Reduce the number of control files (to ensure security)

If the system supports asynchronous Io

Transfer control files to physical disks with low I/O burden

13. When the control file sequential read/control file single write control file continuous read/control file single write to a single control file I/O problem exists, the two events will occur. If the waiting time is obvious, check a single control file to check whether the storage location has an I/O bottleneck.

14. direct path write-direct path write wait occurs, and the system waits to confirm that all unfinished asynchronous I/O has been written to the disk. For this write wait, we should find the data files with the most frequent I/O operations (if there are too many sort operations, it is likely to be temporary files), scattered load, accelerate write operations.

If the system has too many disk sorts, temporary tablespace operations will occur frequently. In this case, you can use local to manage the tablespace, divide it into multiple small files, and write it to different disks or bare devices.

16. Idle event-idle event

Finally, let's look at several idle waiting events. In general, idle waiting means that the system waits for nothing or waits for user requests or responses. Generally, we can ignore these waiting events. Idle events can be queried in the stats $ idle_event table.

Let's take a look at the main idle waiting events of the system. We should have a general impression on these events. If the top 5 waiting events are mostly these events, in general, your system is relatively idle.

 

Related Article

Contact Us

The content source of this page is from Internet, which doesn't represent Alibaba Cloud's opinion; products and services mentioned on that page don't have any relationship with Alibaba Cloud.
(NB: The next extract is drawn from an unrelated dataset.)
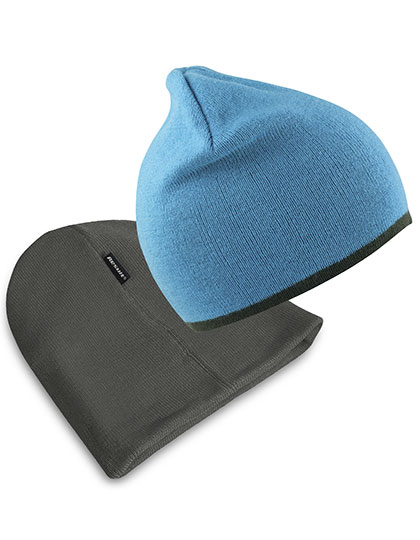 Soft Feel Cuffless Reversible Beanie — besticken oder bedrucken lassen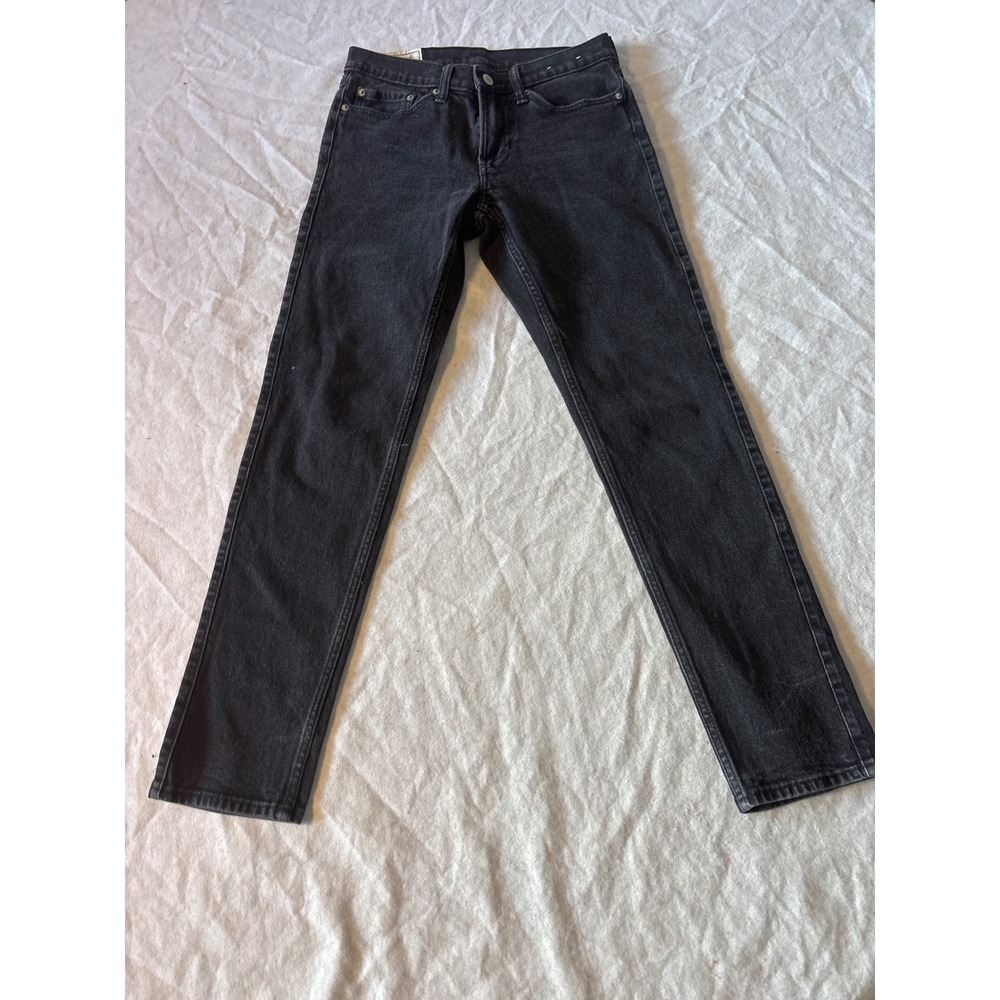 Abercrombie & Fitch Skinny Jeans Mens 28x32 Black Faded Denim Casual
If the content of the page makes you feel confusing, please write us an email, we will handle the problem within 5 days after receiving your email.

If you find any instances of plagiarism from the community, please send an email to: info-contact@alibabacloud.com and provide relevant evidence. A staff member will contact you within 5 working days.

A Free Trial That Lets You Build Big!

Start building with 50+ products and up to 12 months usage for Elastic Compute Service

  • Sales Support

    1 on 1 presale consultation

  • After-Sales Support

    24/7 Technical Support 6 Free Tickets per Quarter Faster Response

  • Alibaba Cloud offers highly flexible support services tailored to meet your exact needs.